Ian graduated with a postgraduate diploma in landscape architecture from QIT in 1978 and worked at Wyong Shire on the central New South Wales coast, advancing new thinking and community engagement. In Sydney in 1984, he then established with John Van Pelt and Ken Maher, the multi-disciplinary firm Forsite Landscape Architects and Planners, focussing on problem definition and project conceptualization as well as project design and delivery. At Forsite, and throughout his life, Ian was interested in harnessing human energy in new ways, for environmental and social good.
Unlike those who measure their contribution by constructed projects, Ian concentrated on professional and organizational development. He saw that landscape architecture, a profession in its infancy when he started out, could make a real difference if it understood how to be effective.
With others, including Bruce Mackenzie, Michael Ewings and Ken Digby, Ian was instrumental in the Australian Institute of Landscape Architects (AILA) hosting its first International Federation of Landscape Architects Conference in 1982. The conference attracted 600 delegates, including 100 from overseas, and provided Ian with his first opportunity to navigate the national and international stage. Nationally, Ian served as an executive member of AILA between 1985 and 1991, including as vice president and then in 1987 to 1988, president, helping to launch both the AILA National Awards and the Registered Landscape Architect scheme.
Through Ian’s drive, in 1988 Forsite morphed into the Australian arm of the iconic American landscape architectural firm EDAW, which was the world’s largest landscape architecture firm when purchased by AECOM in 2005. As EDAW’s first Australian managing director and in contrast with the previous generation who had focused on the United Kingdom and Europe, Ian consolidated his links with the profession in North America. Internationalization was just beginning and Ian was a driving force, establishing and maintaining a vast network of colleagues and friends locally, nationally and internationally throughout his life.
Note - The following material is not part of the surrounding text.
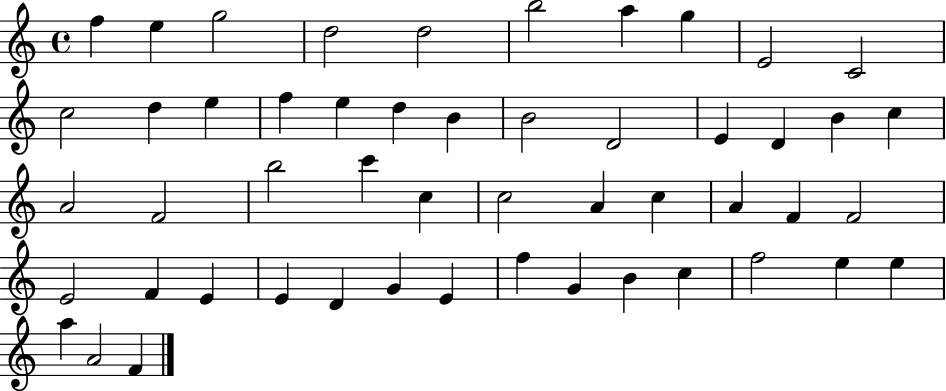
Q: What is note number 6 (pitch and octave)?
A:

He chaired the inaugural state-based awards program for the Queensland chapter of the AILA and organized the symposia that led to the establishment of the Design Advisory Panel for the Northern Rivers Region, where he also mentored younger professionals, helping them establish the networks essential to future success. Linking the region’s councils with universities from Brisbane and Melbourne, he brought student studios to explore alternative futures and increase local awareness of how the professions could contribute to a better future. These had community wellbeing at their heart and students loved them.
At his instigation, a group of senior professionals set up the Landscape Leaders Think Tank in 2001 with the goal of establishing, after the USA model, an Australian Landscape Foundation to support students and research in landscape architecture. While the time was not yet ripe, the group did fund and produce a promotional DVD on the profession for use by the AILA (A Passionate Profession). Typically, this brought together like-minded people to work and generate change.
Most recently, given his interest in the future of landscape architecture, particularly at QUT, where in 1994, he was made Alumnus of the Year by the Faculty of Built Environment and Engineering, Ian recently pledged a contribution to the university’s new student scholarship fund. Ian was awarded a Medal of the Order of Australia in 2011 for his voluntary contribution, over twenty years, to the Northern Rivers region. Global in his outlook and reach but also a loyal local, Ian not only worked for landscape architecture but for many a global cause.
With his passing, Australian landscape architecture farewells one of its pioneering spirits – challenging, thoughtful, generous, creative, funny and, in the broadest sense, welleducated. We need more like him.